By The Editors –
We have not seen an advance copy of President Clinton’s speech, scheduled for tonight, but we already know the message Democrats wish to convey with it. They seek to associate President Obama with the prosperity of the Clinton years. Democratic policies worked in the 1990s, they will argue, and they can work again. This story won’t sell, because the gap between Obama’s record and Clinton’s is so vast and obvious.
Clinton bucked most House Democrats to liberalize trade. He signed Republican bills to reform welfare, restrain spending, and cut taxes on investment. Obama has done none of these things. He has weakened welfare reform by telling states that the administration will waive work requirements. He has greatly increased spending. He has raised taxes on investment and wants to raise them more. Obama is no Bill Clinton: good news for the first lady, not so much for the rest of us.

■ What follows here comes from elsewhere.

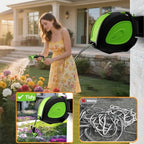 Retractable Garden Hose Reel 100 FT, 1/2 in 348 PSI High-Pressure Hybrid Hose, 36,000+ Auto Rewind Cycles, Any Length Lock, 15-Pattern Dual Nozzle, Wall Mount 180° Swivel - Image 4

The main continuity between the two Democrats’ economic policies is that Clinton raised the top income-tax rate and Obama wants to do so as well. It is certainly true that we had both stronger economic growth and higher tax rates in the 1990s. It does not follow that the higher tax rates contributed to that growth then, or that they would do no damage now. The country enjoyed favorable circumstances in the ’90s — technological, demographic, and geopolitical — that we do not now enjoy and cannot replicate. Hiking taxes would likely lead to worse results today than it did then.